Wilhelm Bluhm erlernte von 1913 bis 1917 bei der Hanomag das Schlosserhandwerk. Während des Ersten Weltkrieges wurde er zweimal gemustert, doch wegen körperlicher Untauglichkeit zurückgestellt. Dann arbeitete er in der Leipziger Flugzeugfabrik und wurde im August 1918 doch noch zu den Kraftfahrern nach Zwickau eingezogen. Ende November 1918 erfolgte seine Versetzung nach Hannover, im März 1919 wurde er aus dem Heeresdienst entlassen. Anschließend war er in verschiedenen Firmen tätig, darunter in der Halberstädter Flugzeugwerke GmbH, der Feinmechanischen Maschinenbau-Anstalt Hannover und in der Daimler-Benz AG. Seit 1931 erwerbslos besuchte er Fortbildungskurse an der Volkshochschule. Zuletzt beschäftigte ihn das Postamt als Autoschlosser.

Im Jahre 1917 trat er der SPD bei, 1920 wurde er Bezirksführer und kassierte die Beiträge der Abteilung Linden-Nord. Mit einer Unterbrechung zwischen 1923 und 1925 übte er diese Funktion bis zum Verbot der SPD 1933 aus. Daneben gehörte er dem Reichsbanner von der Gründung 1924 bis zum Verbot 1933 an.

Gewerkschaftlich organisierte er sich im DMV und wurde alsbald Vertrauensmann. Der Verband schickte ihn im November 1932 zur Wirtschaftsschule in Bad Dürrenberg.

Wilhelm Bluhm war im Besitz einer Pistole, die er nach eigener Aussage anlässlich des Kapp-Putsches erhalten habe, als im Gewerkschaftshaus Waffen an Inhaber eines Mitgliedsbuches verteilt wurden.

Während einer Wanderung im April 1934 erzählte ihm Franz Nause vom Bestehen der Sozialistischen Front als illegaler Organisation in Hannover.

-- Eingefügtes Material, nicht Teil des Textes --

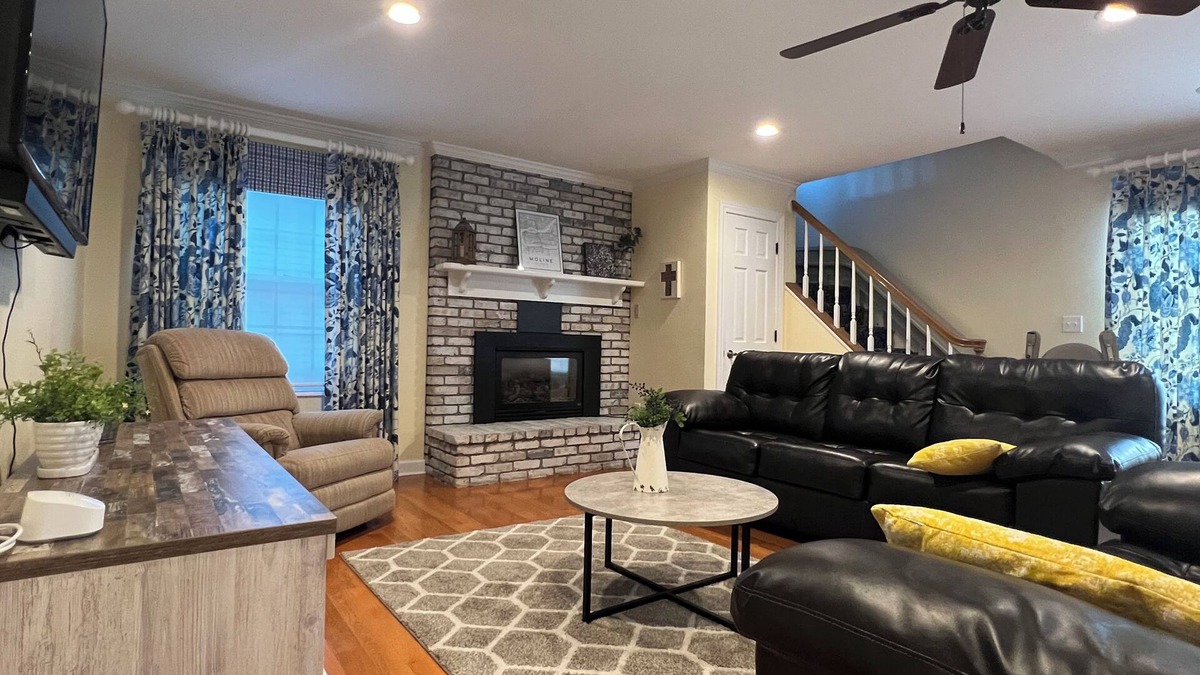 Moline House | Beautiful, spacious and quiet house in the heart of Moline.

Nachdem er seine Mitarbeit zugesagt hatte, wurde er zwischen Mai 1934 und August 1936 durch Franz Nause, später Auguste Breitzke, mit zunächst zehn Exemplaren der Sozialistischen Blätter beliefert, die er an seine Unterverteiler, darunter Georg Fröhlich, Karl Neumeister, Ernst Othmer, Willi Sander, Martin Wirth und Fritz Wulfert weiter gab. Zuletzt wurden durch Wilhelm Bluhm bis zu fünfzig Exemplare der Sozialistischen Blätter weiter verteilt.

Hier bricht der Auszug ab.